However, when transition metal ions (Cu2+) were employed for DNA modification, a drastically different outcome was observed (Figure 3). Instead of promoting aggregation into networks, Cu2+ treatment caused severe fragmentation of the DNA strands. At a concentration of 1 mM Cu2+, the long, continuous DNA chains were broken into shorter, globular fragments (Figure 3b). This fragmentation became more pronounced with increasing Cu2+ concentration. At 5 mM, the fragments appeared smaller and more numerous, forming a granular morphology on the mica surface (Figure 3c). At the highest concentration of 10 mM, the DNA was degraded into very fine, almost particulate structures, with no remnants of extended chains visible (Figure 3d).
Quantitative analysis of the AFM images (Figure 3e,f) provided further insights. The mean height of DNA features increased from 1.96 ± 0.60 nm at 1 mM Cu2+ to 2.12 ± 0.55 nm at 5 mM and 2.45 ± 0.68 nm at 10 mM. In contrast, the mean diameter of the globular fragments decreased with increasing Cu2+ concentration, from 156.3 ± 45.2 nm at 1 mM to 142.7 ± 38.5 nm at 5 mM and 125.4 ± 32.1 nm at 10 mM. This inverse relationship—increasing height but decreasing lateral size—indicates that Cu2+ induces progressive compaction and coiling of DNA fragments into tighter, more globular structures as the ion concentration rises, rather than simple linear fragmentation.
This distinct behavior may be related to the unique binding mechanisms of Cu2+ compared to alkali and alkaline earth metal ions. The latter primarily act as electrostatic shields, neutralizing the phosphate backbone without direct base coordination. In contrast, Cu2+ ions not only neutralize a greater quantity of negative charges but also directly form coordination bonds with DNA bases (particularly purine and pyrimidine) and phosphate groups [27]. Cu2+ ions form stable complexes with the nitrogen and oxygen atoms in the bases, inducing local structural alterations and strand breakage, as shown in Figure 3b–d.

3.3. Combined Effects of Temperature and Metal Ions

The impact of varying temperatures on DNA was investigated. It was found that at 60 °C, the local DNA condensation was formed in the DNA modified by K+ and Na+ at 1 mM ion concentration, with many bright spheres and chain-like DNA structures visible. These spheres were considered the condensates formed by one or several DNA chains, as shown in Figure 4a,d. At the ion concentration of 10 mM, the DNA appears as treelike structures, similar to the DNA modified with K+ and Na+ at room temperature, as shown in Figure 4b,e. When the incubation temperature was raised to 75 °C, the condensed DNA structures were found, as shown in Figure 4c,f.

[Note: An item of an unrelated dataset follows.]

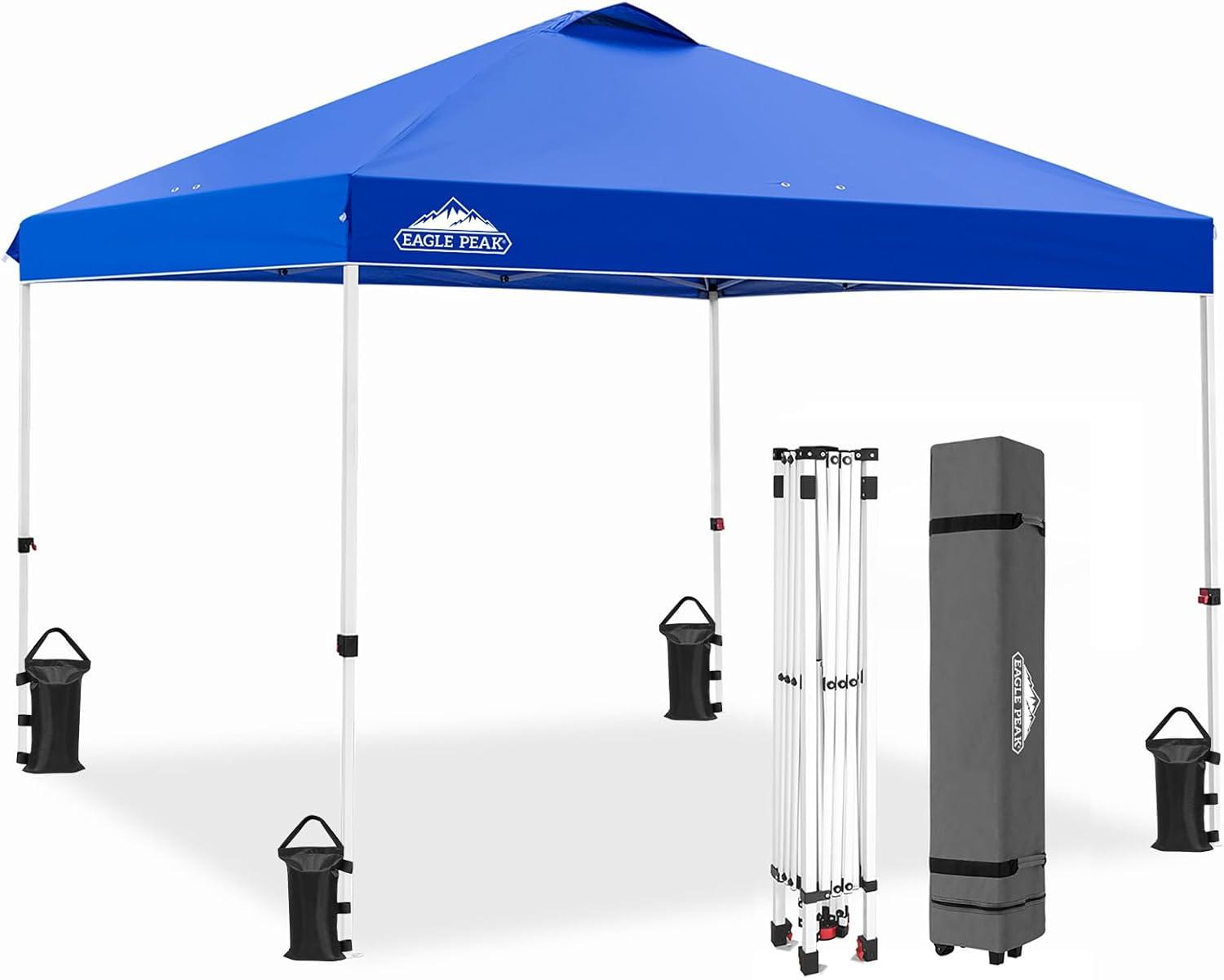 EAGLE PEAK Tent vs Competitor: Tested Blue Pop-Up (WheeledBag… 100SqFt) Insight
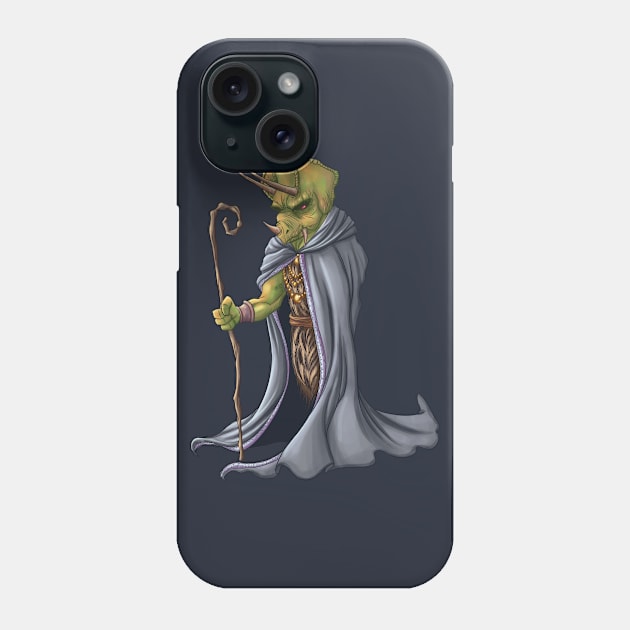 Triceratops Wizard Phone Case by BoardtoDice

Quantitative analysis of height distributions (Figure 4e,f for Na+; Figure 4g,h for K+) provided additional insights. For Na+ at 1 mM, the mean height was 1.59 ± 0.71 nm at 60 °C; at 10 mM, the mean height decreased from 2.18 ± 0.77 nm at 60 °C to 1.55 ± 0.66 nm at 75 °C. For K+ at 1 mM, the mean height was 1.70 ± 0.71 nm at 60 °C; at 10 mM, the mean height decreased from 2.43 ± 0.73 nm at 60 °C to 1.92 ± 0.60 nm at 75 °C. The lower heights at 75 °C (10 mM) compared to 60 °C indicate thermal melting and subsequent collapse of DNA into compact globules.
This phenomenon is related to DNA melting. Changes in incubation temperature may cause DNA melting. The temperature at which half of a biphasic compound melts is called the melting temperature, or T m for short.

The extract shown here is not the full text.